_INSTRUCTIONS FOR THE TASK_: In the listing below, every entry should be duplicated exactly.
Start of INPUT RECORDS
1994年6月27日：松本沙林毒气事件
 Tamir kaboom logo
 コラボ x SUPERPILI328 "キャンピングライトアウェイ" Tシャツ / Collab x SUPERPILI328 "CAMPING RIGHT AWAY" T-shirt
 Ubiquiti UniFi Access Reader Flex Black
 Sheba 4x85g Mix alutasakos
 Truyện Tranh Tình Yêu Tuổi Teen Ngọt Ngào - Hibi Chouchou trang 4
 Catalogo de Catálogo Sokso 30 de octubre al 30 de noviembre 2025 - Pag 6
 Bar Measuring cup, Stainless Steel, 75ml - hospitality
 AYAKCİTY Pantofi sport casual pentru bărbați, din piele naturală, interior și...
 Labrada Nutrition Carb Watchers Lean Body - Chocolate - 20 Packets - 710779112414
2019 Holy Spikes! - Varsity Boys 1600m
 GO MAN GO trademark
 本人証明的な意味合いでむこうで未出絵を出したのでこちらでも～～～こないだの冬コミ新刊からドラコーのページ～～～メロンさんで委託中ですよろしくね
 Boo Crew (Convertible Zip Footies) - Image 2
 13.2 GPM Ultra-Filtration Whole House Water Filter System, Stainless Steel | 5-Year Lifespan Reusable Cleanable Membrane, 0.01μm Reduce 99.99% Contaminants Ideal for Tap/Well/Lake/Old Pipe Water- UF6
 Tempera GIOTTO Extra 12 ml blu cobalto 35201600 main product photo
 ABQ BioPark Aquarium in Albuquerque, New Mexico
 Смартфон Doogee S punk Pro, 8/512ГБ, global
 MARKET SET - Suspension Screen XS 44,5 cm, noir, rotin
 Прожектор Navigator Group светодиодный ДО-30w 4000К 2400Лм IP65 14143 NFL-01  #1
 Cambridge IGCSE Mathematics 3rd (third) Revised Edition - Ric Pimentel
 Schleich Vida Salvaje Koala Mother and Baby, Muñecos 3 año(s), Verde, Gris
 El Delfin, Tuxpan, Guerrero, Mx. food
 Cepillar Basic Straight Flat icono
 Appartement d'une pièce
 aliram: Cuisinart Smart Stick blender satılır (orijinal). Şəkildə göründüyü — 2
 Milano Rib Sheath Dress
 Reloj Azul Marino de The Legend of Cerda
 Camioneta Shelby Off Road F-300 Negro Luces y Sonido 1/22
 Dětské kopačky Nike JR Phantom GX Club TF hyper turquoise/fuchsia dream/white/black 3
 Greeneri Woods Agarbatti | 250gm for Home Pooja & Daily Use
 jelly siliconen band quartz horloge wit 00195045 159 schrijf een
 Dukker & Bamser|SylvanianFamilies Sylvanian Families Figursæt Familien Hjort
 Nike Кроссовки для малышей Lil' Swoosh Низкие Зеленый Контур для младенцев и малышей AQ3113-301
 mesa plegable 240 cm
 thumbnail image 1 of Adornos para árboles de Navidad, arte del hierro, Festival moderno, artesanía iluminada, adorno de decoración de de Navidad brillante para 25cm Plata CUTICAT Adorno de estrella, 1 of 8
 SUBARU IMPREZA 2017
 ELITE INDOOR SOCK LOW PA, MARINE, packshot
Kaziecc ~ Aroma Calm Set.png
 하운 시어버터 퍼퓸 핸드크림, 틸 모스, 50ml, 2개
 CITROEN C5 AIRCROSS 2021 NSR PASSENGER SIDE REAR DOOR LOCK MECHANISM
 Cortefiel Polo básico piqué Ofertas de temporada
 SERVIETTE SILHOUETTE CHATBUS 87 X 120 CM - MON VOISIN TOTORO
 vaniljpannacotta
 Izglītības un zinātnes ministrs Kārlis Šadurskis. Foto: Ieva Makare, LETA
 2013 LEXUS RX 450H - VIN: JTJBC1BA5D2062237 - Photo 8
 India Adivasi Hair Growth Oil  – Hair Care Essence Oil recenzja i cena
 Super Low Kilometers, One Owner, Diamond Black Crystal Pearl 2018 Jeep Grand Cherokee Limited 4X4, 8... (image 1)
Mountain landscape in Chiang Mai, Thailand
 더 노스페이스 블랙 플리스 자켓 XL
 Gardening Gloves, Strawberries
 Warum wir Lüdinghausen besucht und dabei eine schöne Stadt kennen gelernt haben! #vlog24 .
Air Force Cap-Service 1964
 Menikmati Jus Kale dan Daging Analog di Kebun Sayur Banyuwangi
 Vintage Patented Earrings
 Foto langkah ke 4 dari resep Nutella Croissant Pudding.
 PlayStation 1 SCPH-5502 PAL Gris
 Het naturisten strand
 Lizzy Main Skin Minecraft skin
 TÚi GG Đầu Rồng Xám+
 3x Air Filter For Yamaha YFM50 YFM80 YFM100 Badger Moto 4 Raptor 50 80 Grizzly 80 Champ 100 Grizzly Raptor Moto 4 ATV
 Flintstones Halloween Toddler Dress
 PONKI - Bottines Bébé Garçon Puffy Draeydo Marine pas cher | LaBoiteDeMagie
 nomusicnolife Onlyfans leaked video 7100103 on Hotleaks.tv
End of INPUT RECORDS
_EXERCISE RESULT_:
1994年6月27日：松本沙林毒气事件
 Tamir kaboom logo
 コラボ x SUPERPILI328 "キャンピングライトアウェイ" Tシャツ / Collab x SUPERPILI328 "CAMPING RIGHT AWAY" T-shirt
 Ubiquiti UniFi Access Reader Flex Black
 Sheba 4x85g Mix alutasakos
 Truyện Tranh Tình Yêu Tuổi Teen Ngọt Ngào - Hibi Chouchou trang 4
 Catalogo de Catálogo Sokso 30 de octubre al 30 de noviembre 2025 - Pag 6
 Bar Measuring cup, Stainless Steel, 75ml - hospitality
 AYAKCİTY Pantofi sport casual pentru bărbați, din piele naturală, interior și...
 Labrada Nutrition Carb Watchers Lean Body - Chocolate - 20 Packets - 710779112414
2019 Holy Spikes! - Varsity Boys 1600m
 GO MAN GO trademark
 本人証明的な意味合いでむこうで未出絵を出したのでこちらでも～～～こないだの冬コミ新刊からドラコーのページ～～～メロンさんで委託中ですよろしくね
 Boo Crew (Convertible Zip Footies) - Image 2
 13.2 GPM Ultra-Filtration Whole House Water Filter System, Stainless Steel | 5-Year Lifespan Reusable Cleanable Membrane, 0.01μm Reduce 99.99% Contaminants Ideal for Tap/Well/Lake/Old Pipe Water- UF6
 Tempera GIOTTO Extra 12 ml blu cobalto 35201600 main product photo
 ABQ BioPark Aquarium in Albuquerque, New Mexico
 Смартфон Doogee S punk Pro, 8/512ГБ, global
 MARKET SET - Suspension Screen XS 44,5 cm, noir, rotin
 Прожектор Navigator Group светодиодный ДО-30w 4000К 2400Лм IP65 14143 NFL-01  #1
 Cambridge IGCSE Mathematics 3rd (third) Revised Edition - Ric Pimentel
 Schleich Vida Salvaje Koala Mother and Baby, Muñecos 3 año(s), Verde, Gris
 El Delfin, Tuxpan, Guerrero, Mx. food
 Cepillar Basic Straight Flat icono
 Appartement d'une pièce
 aliram: Cuisinart Smart Stick blender satılır (orijinal). Şəkildə göründüyü — 2
 Milano Rib Sheath Dress
 Reloj Azul Marino de The Legend of Cerda
 Camioneta Shelby Off Road F-300 Negro Luces y Sonido 1/22
 Dětské kopačky Nike JR Phantom GX Club TF hyper turquoise/fuchsia dream/white/black 3
 Greeneri Woods Agarbatti | 250gm for Home Pooja & Daily Use
 jelly siliconen band quartz horloge wit 00195045 159 schrijf een
 Dukker & Bamser|SylvanianFamilies Sylvanian Families Figursæt Familien Hjort
 Nike Кроссовки для малышей Lil' Swoosh Низкие Зеленый Контур для младенцев и малышей AQ3113-301
 mesa plegable 240 cm
 thumbnail image 1 of Adornos para árboles de Navidad, arte del hierro, Festival moderno, artesanía iluminada, adorno de decoración de de Navidad brillante para 25cm Plata CUTICAT Adorno de estrella, 1 of 8
 SUBARU IMPREZA 2017
 ELITE INDOOR SOCK LOW PA, MARINE, packshot
Kaziecc ~ Aroma Calm Set.png
 하운 시어버터 퍼퓸 핸드크림, 틸 모스, 50ml, 2개
 CITROEN C5 AIRCROSS 2021 NSR PASSENGER SIDE REAR DOOR LOCK MECHANISM
 Cortefiel Polo básico piqué Ofertas de temporada
 SERVIETTE SILHOUETTE CHATBUS 87 X 120 CM - MON VOISIN TOTORO
 vaniljpannacotta
 Izglītības un zinātnes ministrs Kārlis Šadurskis. Foto: Ieva Makare, LETA
 2013 LEXUS RX 450H - VIN: JTJBC1BA5D2062237 - Photo 8
 India Adivasi Hair Growth Oil  – Hair Care Essence Oil recenzja i cena
 Super Low Kilometers, One Owner, Diamond Black Crystal Pearl 2018 Jeep Grand Cherokee Limited 4X4, 8... (image 1)
Mountain landscape in Chiang Mai, Thailand
 더 노스페이스 블랙 플리스 자켓 XL
 Gardening Gloves, Strawberries
 Warum wir Lüdinghausen besucht und dabei eine schöne Stadt kennen gelernt haben! #vlog24 .
Air Force Cap-Service 1964
 Menikmati Jus Kale dan Daging Analog di Kebun Sayur Banyuwangi
 Vintage Patented Earrings
 Foto langkah ke 4 dari resep Nutella Croissant Pudding.
 PlayStation 1 SCPH-5502 PAL Gris
 Het naturisten strand
 Lizzy Main Skin Minecraft skin
 TÚi GG Đầu Rồng Xám+
 3x Air Filter For Yamaha YFM50 YFM80 YFM100 Badger Moto 4 Raptor 50 80 Grizzly 80 Champ 100 Grizzly Raptor Moto 4 ATV
 Flintstones Halloween Toddler Dress
 PONKI - Bottines Bébé Garçon Puffy Draeydo Marine pas cher | LaBoiteDeMagie
 nomusicnolife Onlyfans leaked video 7100103 on Hotleaks.tv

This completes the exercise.